The billion dollar pharmaceutical industry isn’t doing enough to combat opioid addiction, said Rep. Joe Bellino, R-Monroe, the bill’s sponsor.

“The pharmaceutical industry deserves some credit for starting this addiction problem, and they need to help step forward and fix this issue but right now they are doing nothing,” Bellino said.

The child-resistant vials are mandated by the Federal Poison Prevention Act of 1970. The goal was to keep young children from overdosing on flavored aspirin, which was a prevalent issue then.

But opponents say the locking containers are too expensive and ineffective.

The Michigan Pharmacists Association opposes the bill because it won’t accomplish the legislators’ goal, said Larry Wagenknecht, its chief executive officer.
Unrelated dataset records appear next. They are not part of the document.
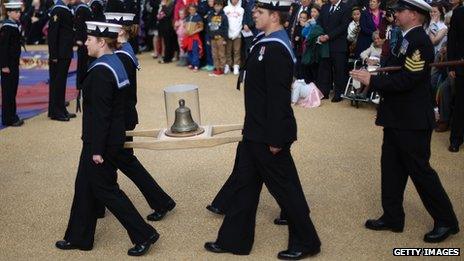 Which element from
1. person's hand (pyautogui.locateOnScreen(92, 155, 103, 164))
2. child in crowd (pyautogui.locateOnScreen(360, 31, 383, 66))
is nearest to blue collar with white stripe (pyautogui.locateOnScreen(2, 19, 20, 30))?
person's hand (pyautogui.locateOnScreen(92, 155, 103, 164))

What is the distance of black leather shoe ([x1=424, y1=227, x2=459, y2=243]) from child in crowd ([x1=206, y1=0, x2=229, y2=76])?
8.83 meters

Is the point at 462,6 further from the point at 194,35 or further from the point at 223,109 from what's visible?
the point at 194,35

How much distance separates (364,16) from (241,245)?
6622 mm

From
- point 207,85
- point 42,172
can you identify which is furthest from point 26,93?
point 42,172

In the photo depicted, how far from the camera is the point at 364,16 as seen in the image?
1038 cm

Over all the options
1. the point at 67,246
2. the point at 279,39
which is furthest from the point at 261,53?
the point at 67,246

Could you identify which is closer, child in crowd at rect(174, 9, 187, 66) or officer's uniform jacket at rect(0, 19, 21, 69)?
officer's uniform jacket at rect(0, 19, 21, 69)

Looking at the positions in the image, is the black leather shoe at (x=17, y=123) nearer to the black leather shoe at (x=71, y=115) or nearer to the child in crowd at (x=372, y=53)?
the black leather shoe at (x=71, y=115)

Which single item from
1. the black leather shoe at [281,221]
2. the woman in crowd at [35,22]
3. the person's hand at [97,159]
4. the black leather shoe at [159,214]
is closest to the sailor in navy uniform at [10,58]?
the black leather shoe at [159,214]

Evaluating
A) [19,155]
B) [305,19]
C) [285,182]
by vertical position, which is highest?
[305,19]

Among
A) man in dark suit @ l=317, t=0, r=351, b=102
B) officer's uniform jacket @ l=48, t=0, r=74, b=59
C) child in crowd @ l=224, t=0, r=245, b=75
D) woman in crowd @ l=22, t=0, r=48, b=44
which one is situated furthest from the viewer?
woman in crowd @ l=22, t=0, r=48, b=44

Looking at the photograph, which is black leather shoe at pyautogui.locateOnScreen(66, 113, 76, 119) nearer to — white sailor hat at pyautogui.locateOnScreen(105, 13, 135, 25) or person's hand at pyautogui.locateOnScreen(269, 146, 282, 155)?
white sailor hat at pyautogui.locateOnScreen(105, 13, 135, 25)

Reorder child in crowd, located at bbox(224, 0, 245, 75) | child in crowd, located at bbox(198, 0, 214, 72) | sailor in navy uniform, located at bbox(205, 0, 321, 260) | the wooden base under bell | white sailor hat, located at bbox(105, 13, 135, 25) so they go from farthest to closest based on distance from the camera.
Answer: child in crowd, located at bbox(198, 0, 214, 72) < child in crowd, located at bbox(224, 0, 245, 75) < white sailor hat, located at bbox(105, 13, 135, 25) < the wooden base under bell < sailor in navy uniform, located at bbox(205, 0, 321, 260)

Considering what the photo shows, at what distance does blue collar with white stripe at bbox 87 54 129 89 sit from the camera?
454 cm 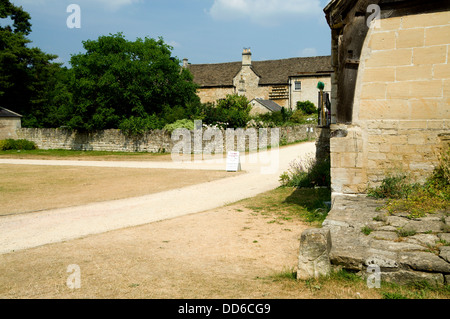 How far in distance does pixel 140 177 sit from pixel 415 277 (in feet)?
40.2

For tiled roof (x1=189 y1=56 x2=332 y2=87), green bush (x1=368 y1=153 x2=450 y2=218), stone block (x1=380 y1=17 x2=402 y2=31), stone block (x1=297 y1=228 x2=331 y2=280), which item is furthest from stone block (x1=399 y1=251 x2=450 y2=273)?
tiled roof (x1=189 y1=56 x2=332 y2=87)

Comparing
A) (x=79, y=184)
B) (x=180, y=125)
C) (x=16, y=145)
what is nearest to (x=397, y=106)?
(x=79, y=184)

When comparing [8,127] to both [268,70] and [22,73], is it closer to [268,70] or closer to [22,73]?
[22,73]

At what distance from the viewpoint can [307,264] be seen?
13.2 feet

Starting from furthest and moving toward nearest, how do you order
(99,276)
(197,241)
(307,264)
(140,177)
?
(140,177)
(197,241)
(99,276)
(307,264)

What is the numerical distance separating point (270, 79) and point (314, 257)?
158ft

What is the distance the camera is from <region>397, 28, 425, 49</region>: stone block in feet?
21.9

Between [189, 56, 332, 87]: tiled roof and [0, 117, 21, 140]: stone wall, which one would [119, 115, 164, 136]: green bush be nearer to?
[0, 117, 21, 140]: stone wall

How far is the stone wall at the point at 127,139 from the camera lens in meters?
26.2

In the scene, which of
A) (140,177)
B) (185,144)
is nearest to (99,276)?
(140,177)

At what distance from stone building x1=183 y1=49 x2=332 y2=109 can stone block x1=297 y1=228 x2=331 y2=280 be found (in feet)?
143

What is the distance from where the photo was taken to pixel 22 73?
38406 millimetres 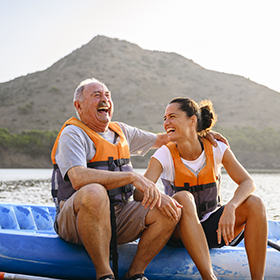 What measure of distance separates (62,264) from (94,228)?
0.59m

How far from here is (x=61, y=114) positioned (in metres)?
49.1

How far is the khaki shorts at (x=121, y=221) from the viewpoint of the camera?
2.43 m

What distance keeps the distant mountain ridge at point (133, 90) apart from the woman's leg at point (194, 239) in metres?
39.3

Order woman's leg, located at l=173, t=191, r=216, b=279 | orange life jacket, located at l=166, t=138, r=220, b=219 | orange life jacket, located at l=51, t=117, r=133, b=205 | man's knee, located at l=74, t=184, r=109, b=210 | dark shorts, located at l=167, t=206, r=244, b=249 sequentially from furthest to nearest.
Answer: orange life jacket, located at l=166, t=138, r=220, b=219 → dark shorts, located at l=167, t=206, r=244, b=249 → orange life jacket, located at l=51, t=117, r=133, b=205 → woman's leg, located at l=173, t=191, r=216, b=279 → man's knee, located at l=74, t=184, r=109, b=210

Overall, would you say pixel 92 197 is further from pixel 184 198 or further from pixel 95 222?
pixel 184 198

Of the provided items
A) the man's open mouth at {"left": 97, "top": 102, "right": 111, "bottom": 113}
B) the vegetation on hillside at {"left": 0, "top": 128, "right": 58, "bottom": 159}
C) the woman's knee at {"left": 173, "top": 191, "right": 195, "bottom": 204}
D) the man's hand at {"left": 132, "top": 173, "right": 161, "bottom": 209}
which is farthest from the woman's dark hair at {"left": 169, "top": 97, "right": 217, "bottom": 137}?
the vegetation on hillside at {"left": 0, "top": 128, "right": 58, "bottom": 159}

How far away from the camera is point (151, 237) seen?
2436mm

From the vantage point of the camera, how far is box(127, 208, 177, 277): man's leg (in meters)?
2.42

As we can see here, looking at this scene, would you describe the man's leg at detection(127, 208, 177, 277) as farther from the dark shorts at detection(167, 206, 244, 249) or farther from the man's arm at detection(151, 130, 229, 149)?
the man's arm at detection(151, 130, 229, 149)

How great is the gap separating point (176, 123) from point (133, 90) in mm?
55443

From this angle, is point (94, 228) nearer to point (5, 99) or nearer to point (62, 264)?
point (62, 264)

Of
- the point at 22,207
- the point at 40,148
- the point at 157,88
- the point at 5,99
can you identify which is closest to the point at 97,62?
the point at 157,88

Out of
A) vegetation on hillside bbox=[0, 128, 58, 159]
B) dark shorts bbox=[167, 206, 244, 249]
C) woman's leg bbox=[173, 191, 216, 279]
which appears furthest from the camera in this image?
vegetation on hillside bbox=[0, 128, 58, 159]

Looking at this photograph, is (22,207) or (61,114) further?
(61,114)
The locks are unreliable and provide a false sense of security for those who own the drugs, he said. “They are not hammer-proof.

“As a result of this legislation, manufacturers are likely to incur higher costs of production which will lead to an unnecessary increase in the cost of health care,” Wagenknecht said.

The cost of the new locking pill vial is 80 cents more than a regular pill bottle, Bellino said.  

The bill has support from the Michigan Association for Local Public Health and Families Against Narcotics.

While the local public health group supports the bill, it is concerned about how the public will react to the bill’s source of funding for the pill bottles, said Meghan Swain, the executive director of the association.  Still to be determined is if the additional cost would come from taxpayers, customers, drug manufacturers or pharmacists.

Bellino says the locking containers will help curtail the number of opioid deaths which killed more than 2,600 people in Michigan last year, according to the federal Centers for Disease Control and Prevention

Oakland County commissioners recently passed a resolution supporting the bill. The boards of commissioners in Monroe and Livingston counties are expected to release their own opinion on this bill in the near future, Bellino said.

Five states, including New York and Illinois. are attempting to pass similar legislation. However they are receiving similar pushback from interest groups, Bellino said.

The bill was referred to the House Health Policy Committee.